Activity:
All entries below are to be returned exactly, with pictures left out.

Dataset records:
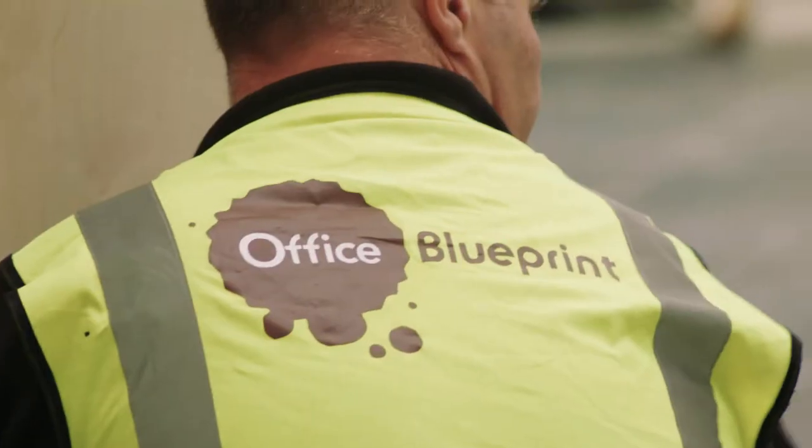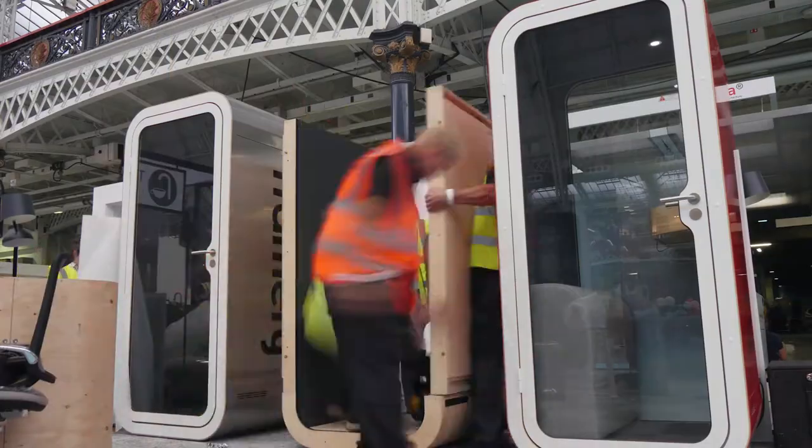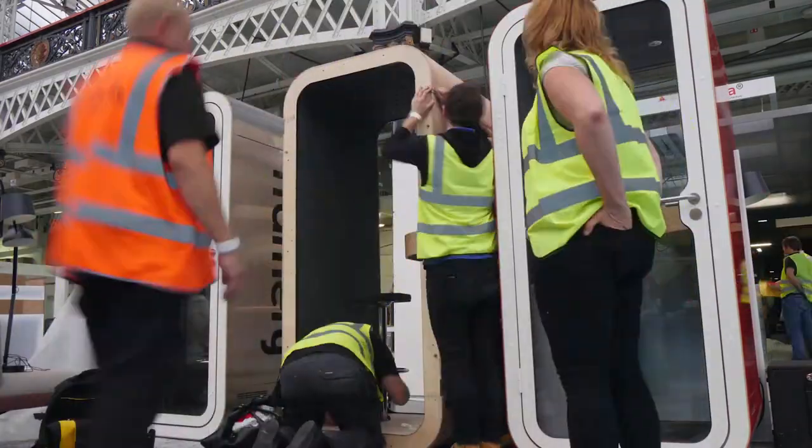Everything comes in one plywood box and then it gets built. The O booth is built in about 45 minutes to an hour and the Q booth is built in about two hours.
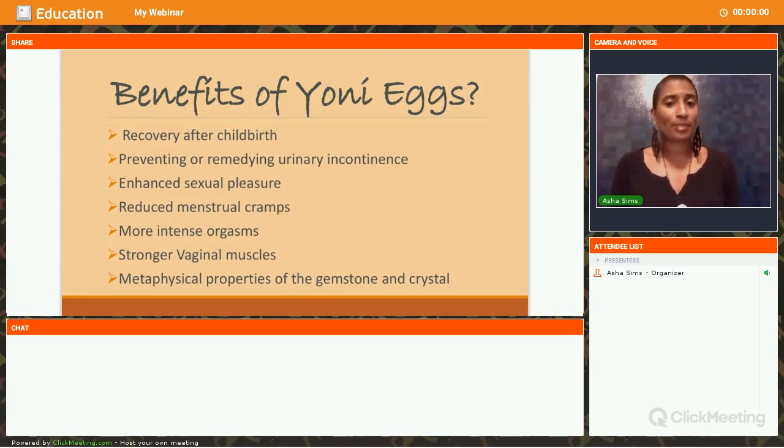I recommend anybody, especially those that go commando, be very aware you're going to be extra juicy during the time that you are wearing the Yoni Egg. The egg is also beneficial for those that have a problem with getting wet — particularly those that may have had hysterectomies and have hormonal imbalances causing problems with lubrication. The Yoni Egg can definitely assist in that area. It's also been known to help those dealing with menstrual cramps.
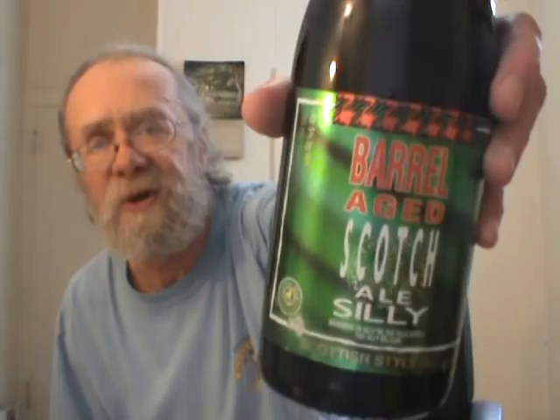Like a stout, or a barley wine, or in this case a scotch ale. I'm going to do one I picked up on one of my recent out of town trips, from a brewery I have done before. I bought it originally just for the name — it's the Silly Brewery out of Silly, Belgium. I'm going to do their barrel aged scotch ale, or as they say, barrel aged Scotch de Silly. This was aged six months in Bordeaux oak barrels. It's a one-time brew, limited to 13,000 bottles.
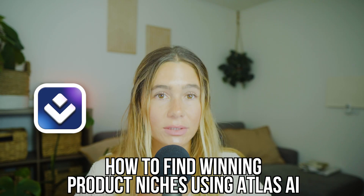In today's video, we're going to talk about how to find winning product niches using Atlas AI. What's up, you guys? My name's Ashley, and if you've ever spent hours scrolling TikTok trends or digging through Amazon categories trying to find your next big idea, this is for you.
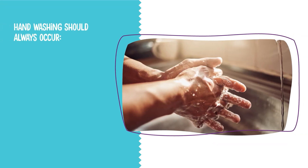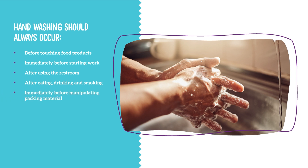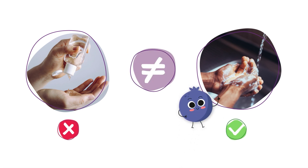Handwashing should always occur before touching food products, immediately before starting work, after using the restroom, after eating, drinking, and smoking, immediately before manipulating packing material, after touching the face, hair, nose, or corporal fluids, after touching or picking up garbage, waste, or items from the floor, and after all cleaning activities. Remember, using hand sanitizer is not an adequate alternative to handwashing.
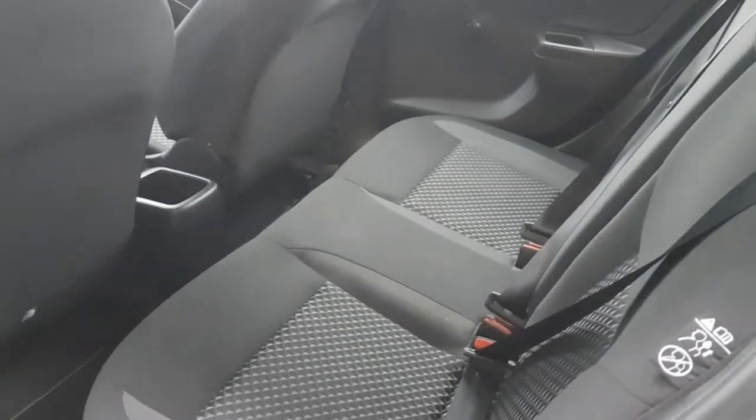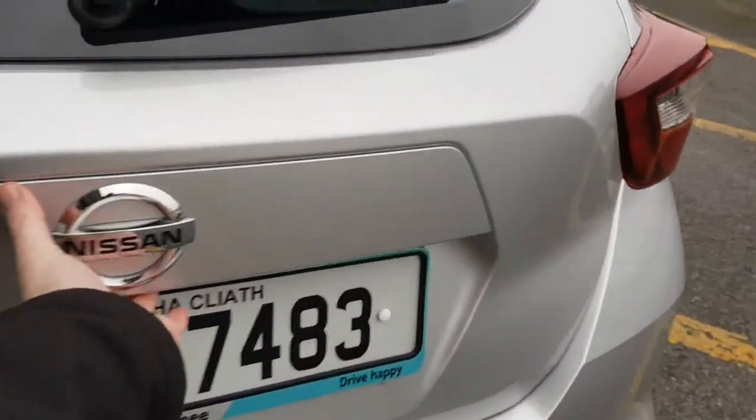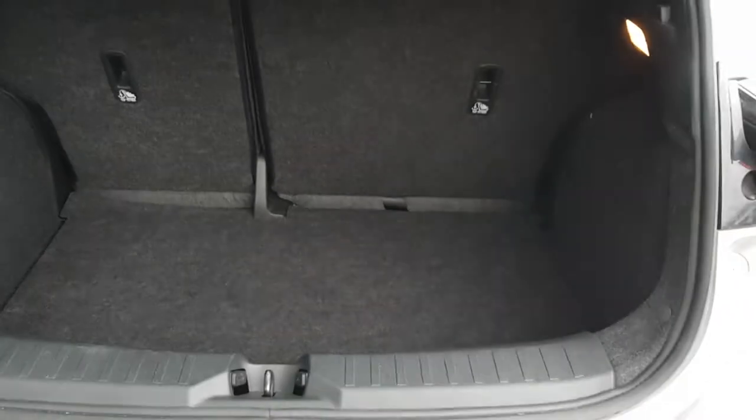Don't worry about the NCT, because if your test is due within the first six months, our guarantee cover will protect you against any unexpected costs.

Task result:
Everything comes in one plywood box and then it gets built. The O booth is built in about 45 minutes to an hour and the Q booth is built in about two hours.
I recommend anybody, especially those that go commando, be very aware you're going to be extra juicy during the time that you are wearing the Yoni Egg. The egg is also beneficial for those that have a problem with getting wet — particularly those that may have had hysterectomies and have hormonal imbalances causing problems with lubrication. The Yoni Egg can definitely assist in that area. It's also been known to help those dealing with menstrual cramps.
Like a stout, or a barley wine, or in this case a scotch ale. I'm going to do one I picked up on one of my recent out of town trips, from a brewery I have done before. I bought it originally just for the name — it's the Silly Brewery out of Silly, Belgium. I'm going to do their barrel aged scotch ale, or as they say, barrel aged Scotch de Silly. This was aged six months in Bordeaux oak barrels. It's a one-time brew, limited to 13,000 bottles.
In today's video, we're going to talk about how to find winning product niches using Atlas AI. What's up, you guys? My name's Ashley, and if you've ever spent hours scrolling TikTok trends or digging through Amazon categories trying to find your next big idea, this is for you.
Handwashing should always occur before touching food products, immediately before starting work, after using the restroom, after eating, drinking, and smoking, immediately before manipulating packing material, after touching the face, hair, nose, or corporal fluids, after touching or picking up garbage, waste, or items from the floor, and after all cleaning activities. Remember, using hand sanitizer is not an adequate alternative to handwashing.
Don't worry about the NCT, because if your test is due within the first six months, our guarantee cover will protect you against any unexpected costs.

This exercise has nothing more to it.